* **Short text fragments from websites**
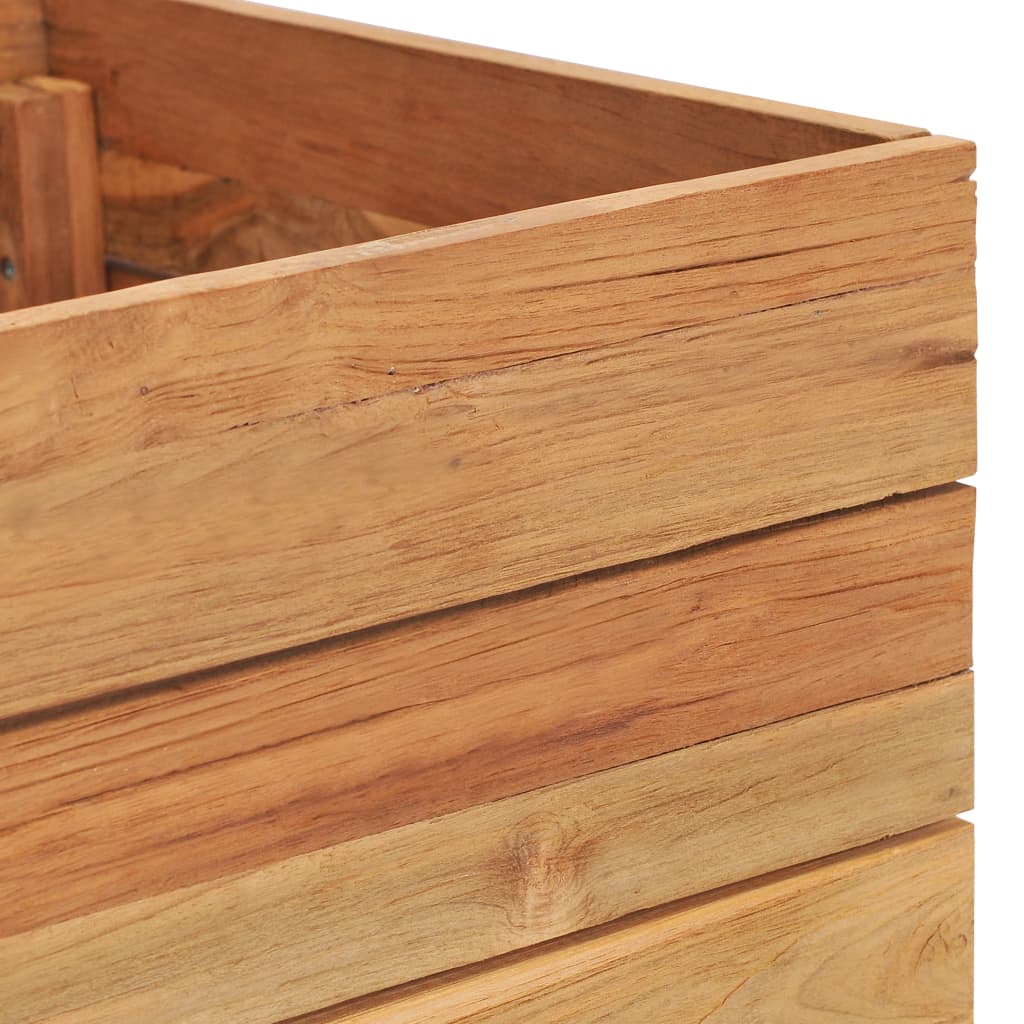 Plantenbak Verhoogd Massief Teakhout En Staal 150 x 40 x 38 cm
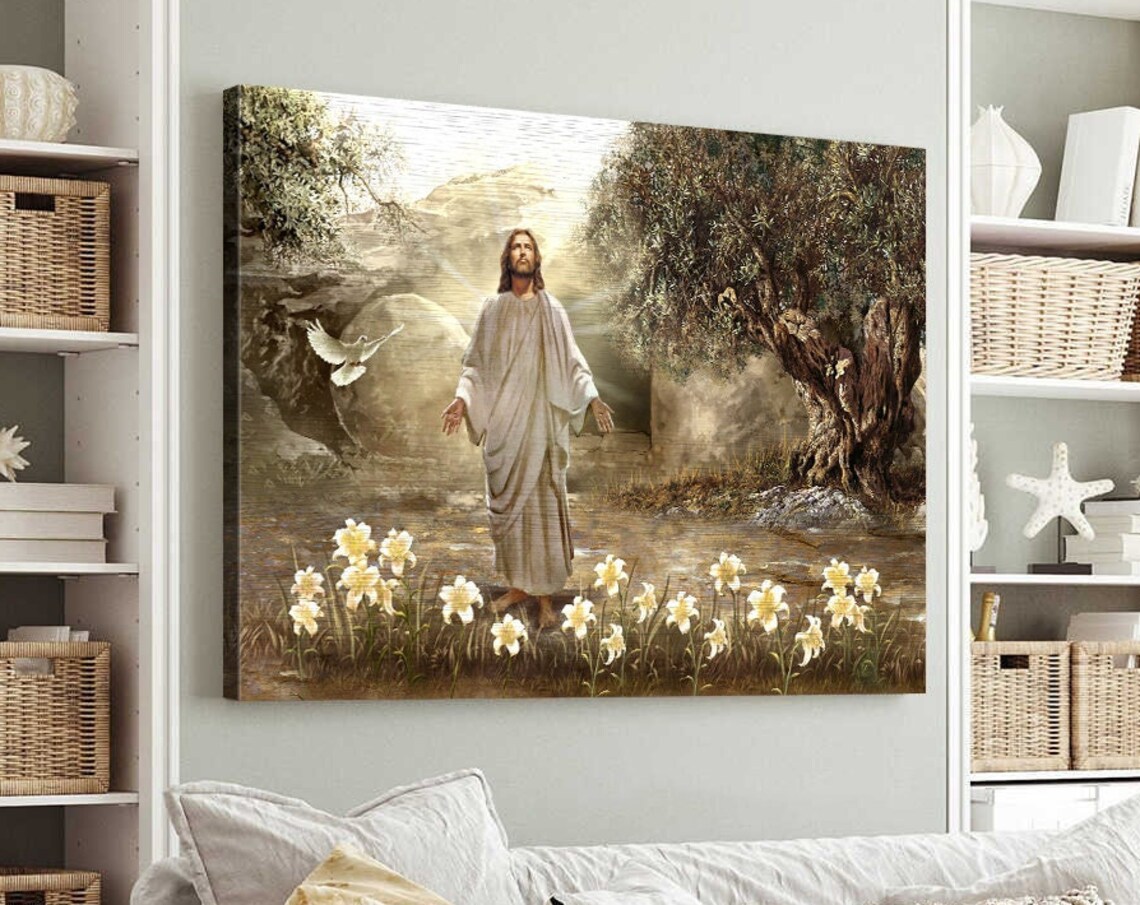 Jesus Christian Religious Art Print, Memorial Decor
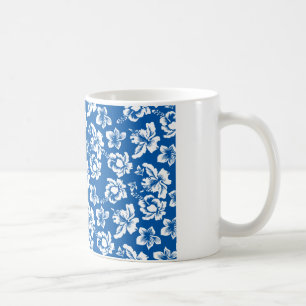 Caneca De Café Padrão de Flor Azul Hawiian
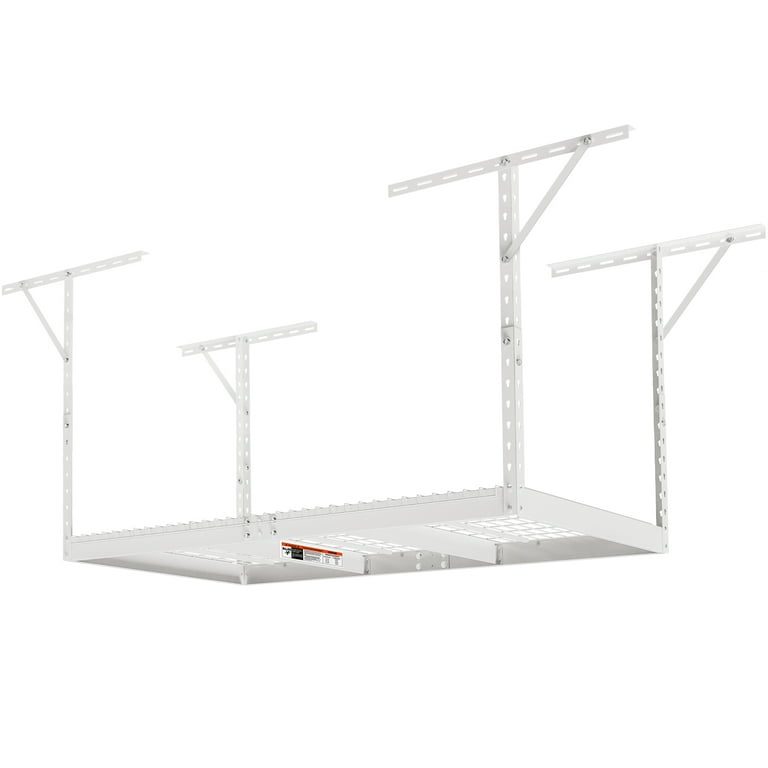 Bentism Overhead Adjustable Garage Storage Rack 36x72in Ceiling Rack 550lbs White, Size: 36 x 72 x 40 inch / 91.4 x 182.9 x 101.6 cm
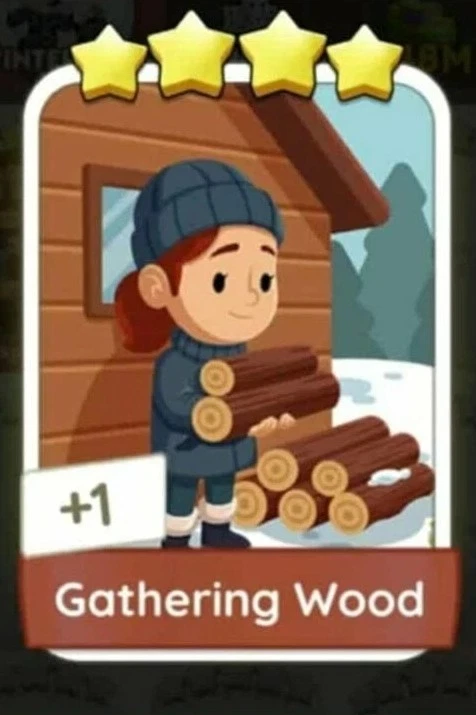1x Gathering Wood- 🎲 Monopoly Go Digital Sticker TRADE CARD - Image 1 of 1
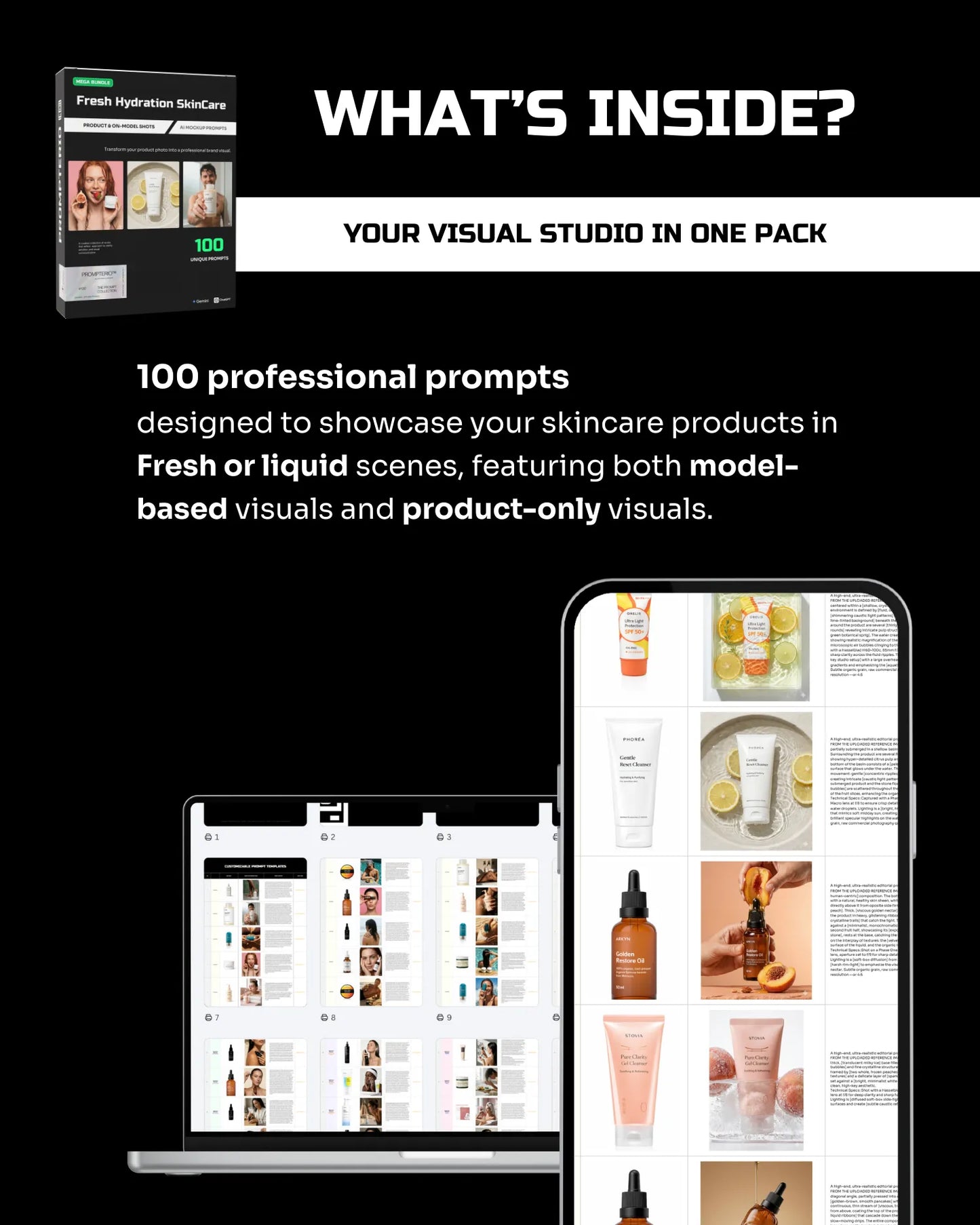 100 Fresh Hydration SkinCare: Product & On-Model [Your Product] AI Prompt Bundle
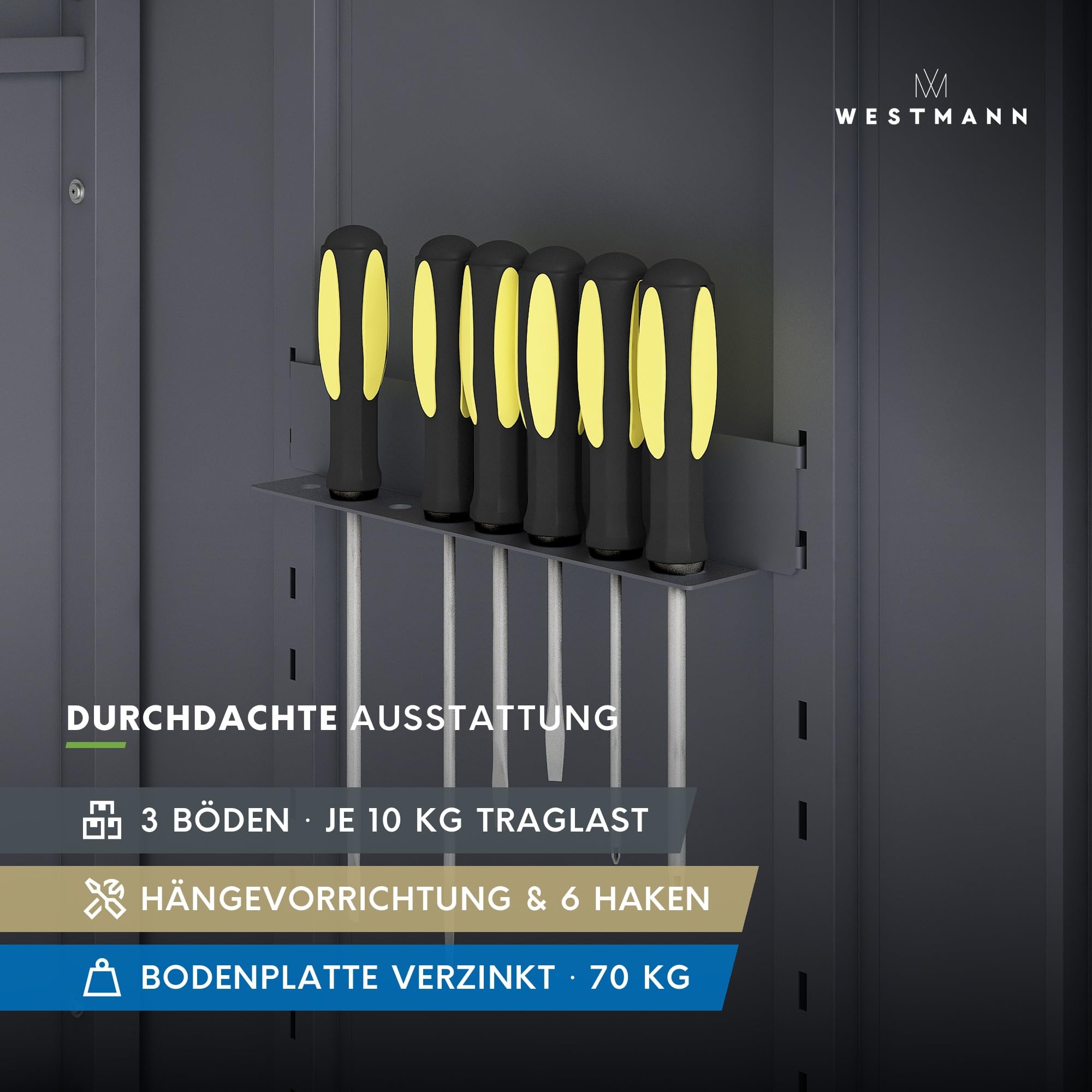 WESTMANN Capsa Gartenschrank, 90x65x187 cm, Metall, Anthrazit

* **What the task requires**
Line by line, restate the data above exactly as it stands, minus the pictures.

* **Result of the exercise**
 Plantenbak Verhoogd Massief Teakhout En Staal 150 x 40 x 38 cm
 Jesus Christian Religious Art Print, Memorial Decor
 Caneca De Café Padrão de Flor Azul Hawiian
 Bentism Overhead Adjustable Garage Storage Rack 36x72in Ceiling Rack 550lbs White, Size: 36 x 72 x 40 inch / 91.4 x 182.9 x 101.6 cm
1x Gathering Wood- 🎲 Monopoly Go Digital Sticker TRADE CARD - Image 1 of 1
 100 Fresh Hydration SkinCare: Product & On-Model [Your Product] AI Prompt Bundle
 WESTMANN Capsa Gartenschrank, 90x65x187 cm, Metall, Anthrazit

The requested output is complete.